Per chi quel 2 agosto del 1980 non c'era la strage della stazione vive nei racconti e nei ricordi degli altri, in quella piazza che si riempie ogni anno, sotto il sole caldo della nostra città, tra parenti, sopravvissuti e cittadini che ancora non vogliono dimenticare.
C'è chi ti dice "ero partito qualche ora prima", nascondendo tra quelle parole quel filo di sollievo e senso di colpa per la tragedia appena sfiorata. C'è chi ti racconta "ci passavo tutti giorni alla stazione" ed è stato salvato da un imprevisto o da un impegno.
E poi ci sono tutti quelli che ti raccontano di aver "sentito un busso" e di essersi precipitati verso la fonte di quell'inspiegabile rumore.

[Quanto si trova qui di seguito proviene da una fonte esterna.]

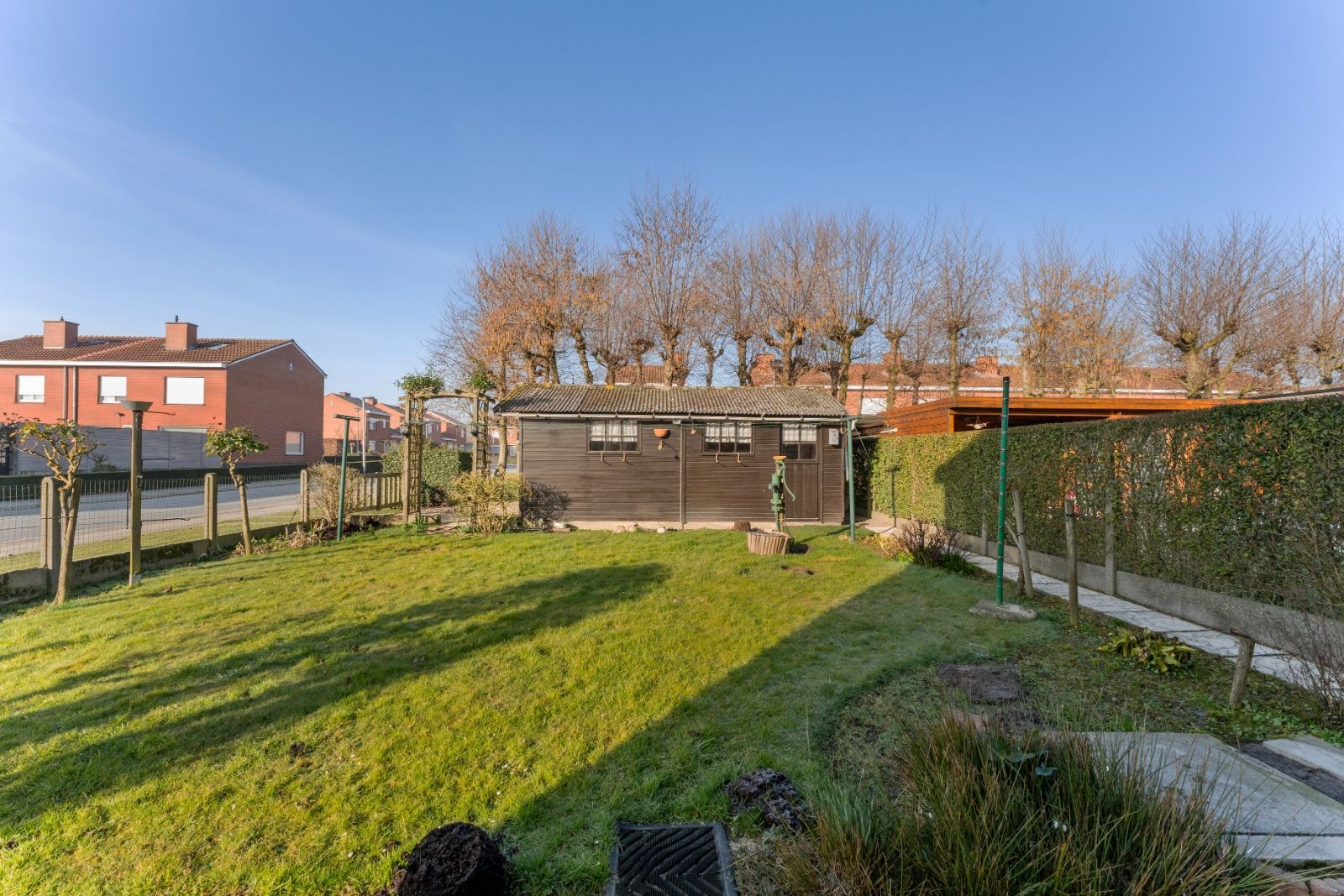 Instapklare gezinswoning met tuin in het hart van Ardooie! foto 15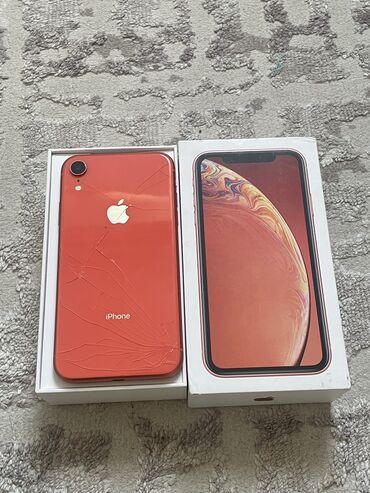 Apple iPhone: IPhone Xr, Б/у, 128 ГБ, Коралловый, Чехол, Кабель, Коробка, 79 %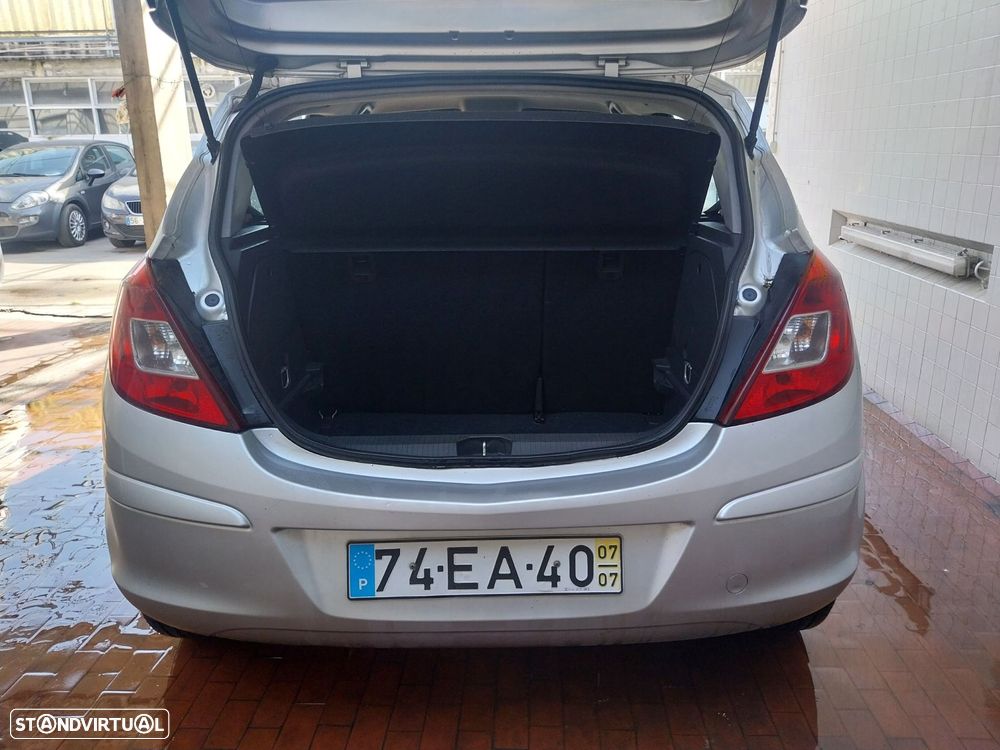Opel Corsa 1.3 CDTI CMON - 3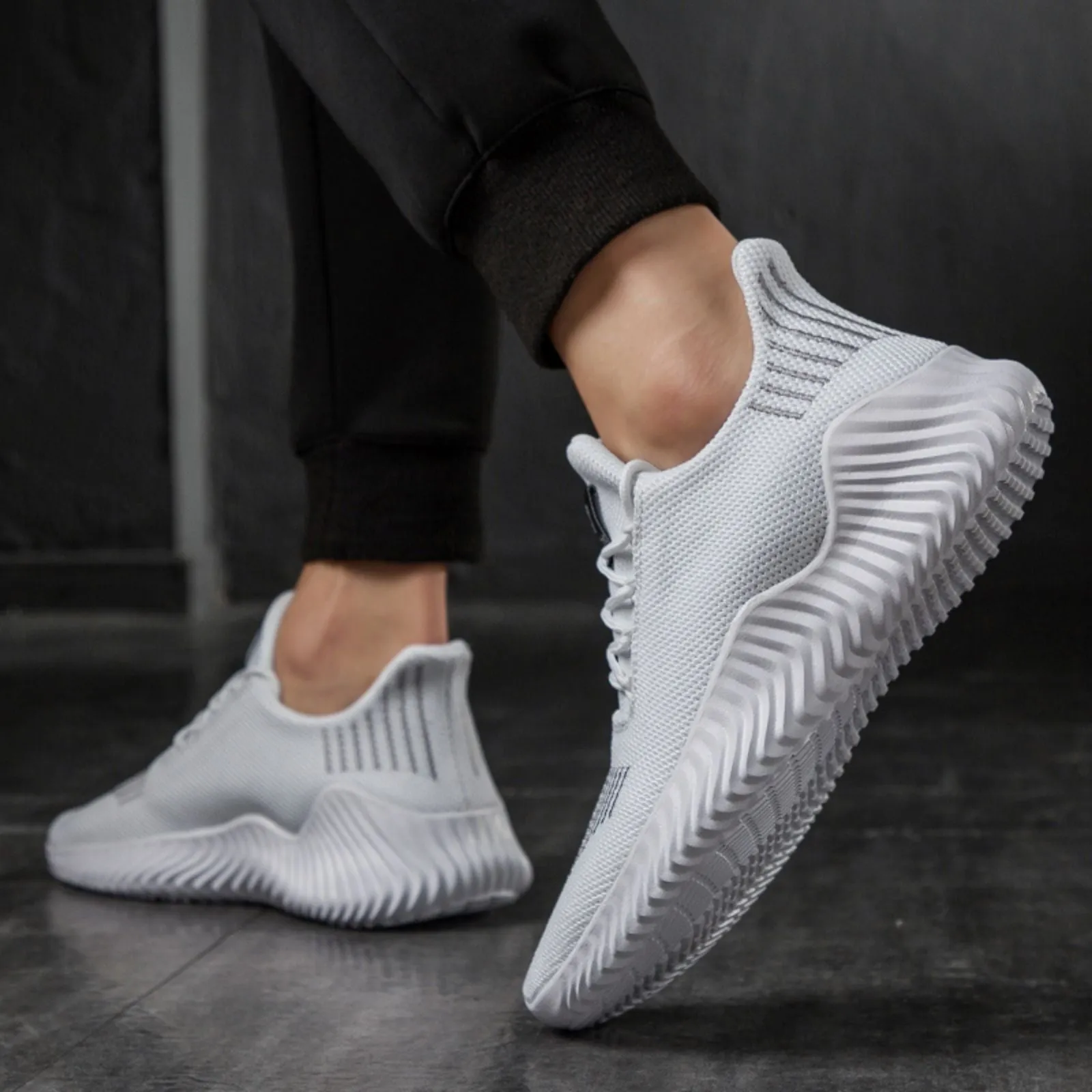 Men's Casual Sneakers Men's Sports Running Breathable Shoes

Il 2 agosto 1980 è un autobus che si trasforma in infermeria, sono le persone accorse ad aiutare, a tirare fuori le persone da sotto le macerie, tra la polvere e le lacrime. Sono i tassisti che per giorni portano feriti e parenti in giro per gli ospedali.
Il 2 agosto è Angela Fresu, la bambina di 3 anni che giocava in quella sala d'aspetto. Il 2 agosto sono le lacrime di Pertini.
Il 2 agosto è un orologio fermo e quella ferita sul muro della sala viaggiatori che non è mai stata chiusa, simbolo della ferita aperta di una città che aspetta una verità ancora negata da tanto, troppo tempo.